Prof. Dr. Demirtaş, yaşama imkanın zor olduğu eski dönemlerde insanların dere üzerinde köprüler inşa ettiğini belirterek, şu ifadeleri kullandı: "Bitlis suyu dediğimiz, Evliya Çelebi buna İskender Deresi diyordu. Bu derenin üzerinde günümüzde 10 tane tarihi köprü mevcuttur. Bitlis deresinin tamamının üzerinde çok daha fazla köprü var. Evliya Çelebi’nin belirttiğine göre 17’nci yüzyılda bu köprülerin sayısı 28’di, 19'uncu yüzyılda ise 24 olarak geçiyor. Kayıtlarda Bitlis şehir merkezinde 10 tane köprünün mevcudiyetinden söz ediliyor. Bitlis deresi üzerinde bir ıslah çalışması var. Bu proje kapsamında ortaya çıkarılan köprü sayısı 8 tanedir. Köprüler kısmi ya da tamamen ortaya çıkarılmıştır. Çünkü, bazıları derenin üzeri kapatıldığından binaların altında kalmıştı. Bazıları da nispeten açıktaydı. Derenin üzerindeki binalar yıkıldıktan sonra ortaya çıkarılan köprü sayısı 8’dir. Bu proje şu anda devam ediyor. Proje sayesinde Bitlis’in tarihi dokusu belli oranda belirmeye başladı."
Çalışmada bölgedeki birçok yapının betonarme yapılardan dolayı zarar gördüğünü de hatırlatan Prof. Dr. Demirtaş, "Diğer tarihi yapılar için de aynı şey söz konusudur. Mesela Paşa Hamamı en fazla zarar gören yapılardan bir tanesidir. O bölgedeki köprülerde çok belirgin bir hale gelmeye başladı. Ulu Camii daha güzel bir şekilde görülmeye başladı. Şehir içindeki diğer yapılan da öyle. Bu proje Bitlis’in şehir dokusunu, tarihi dokusunu ortaya çıkarmaya tek başına yetmez. Başka projelerle desteklenmesi gerekiyor. Eğer Bitlis’in antik kent vasfı öne çıkarılmak istenecekse, yapılmak isteniyorsa daha sonraki aşamalarda çeşitli projelerle desteklenmesi gerekir ki şehrin bütün tarihi dokusu da ortaya çıkması gerekir" diye konuştu.
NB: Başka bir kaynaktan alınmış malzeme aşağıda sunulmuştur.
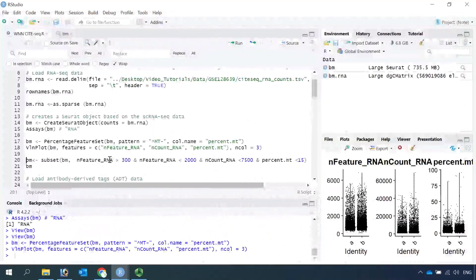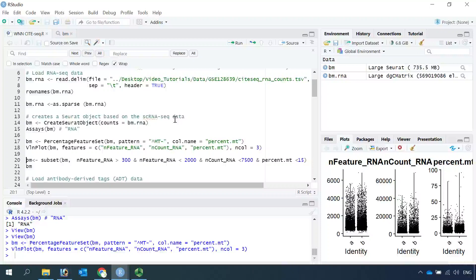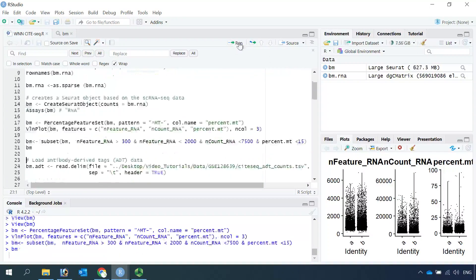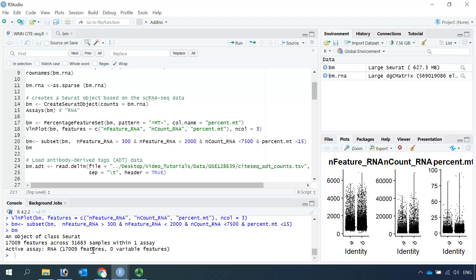So we can use those parameters to subset the cells and perform quality control. Now if we look at the object again, you can see we only have 31,683 cells.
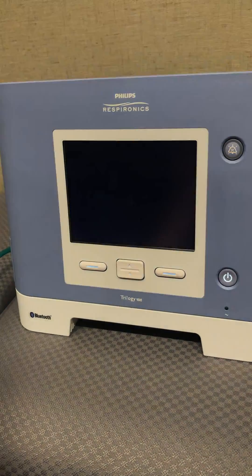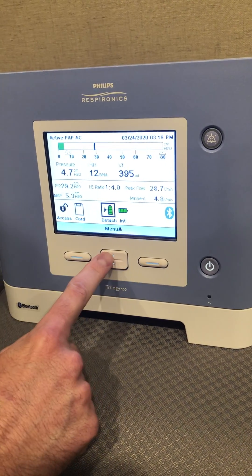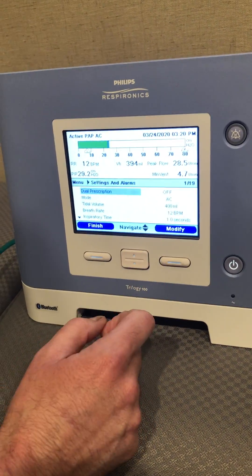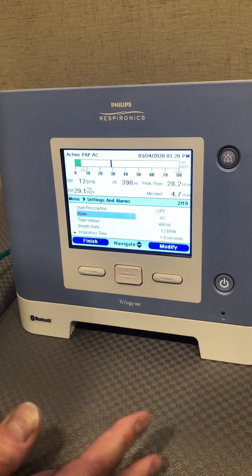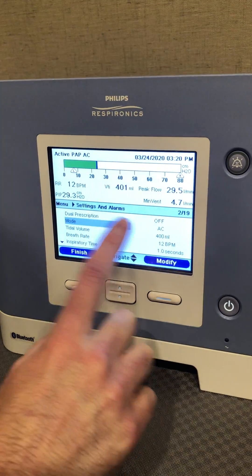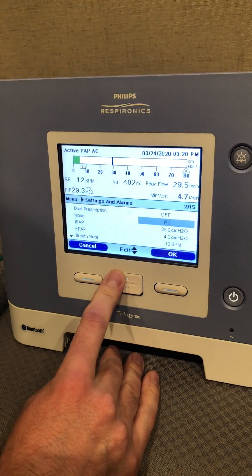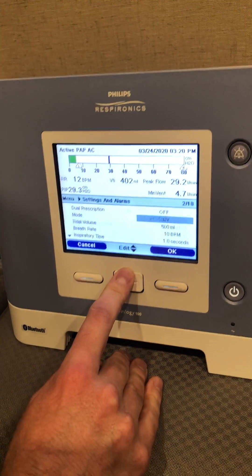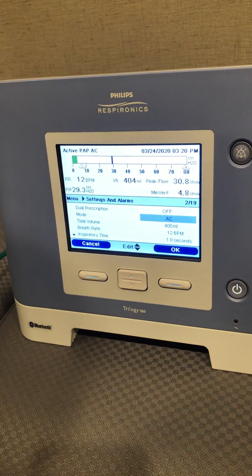Now I want to go into the menu and scroll down to Settings and Alarms, hit Select, then go to Mode. It's currently on Assist Control. Since we're doing an invasive setup, I want to use a common mode for invasive patients. I am going to use Assist Control, but just so you know, we can also use modes like SIMV, Pressure Control Ventilation, and SIMV with Pressure Control Ventilation.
'Çalışmalarda bölge insanına danışılmalı'
Restorasyon çalışmaları yapılırken bölge halkının da mağdur edilmemesi gerektiğini ve halka danışılması gerektiğini söyleyen Prof. Dr. Demirtaş, şöyle devam etti: "Tarihi doku ortaya çıkarılırken şehir sakinlerinin talep ve beklentilerinin mutlaka gözetilmesi gerekir. Onların mağduriyetine yol açmadan iş yapmak gerekir. Çünkü bu süreçte, derenin üzerinin açılması sürecinde çok çeşitli mağduriyetler yaşandığına hepimiz şahit olduk. Tarihi dokuyu ortaya çıkarmak, inşa etmek, medeniyet inşa etmek bunların tamamı insan içindir. İnsan mutsuz olduktan sonra tarihi dokuyu ortaya çıkarmanın bir anlamı yoktur. Çünkü hepsi insana hizmet etsin diye yapılıyor. Bu hassasiyetler gözetilirse Bitlis eski görkemli geçmişine ancak böyle ulaşabilir."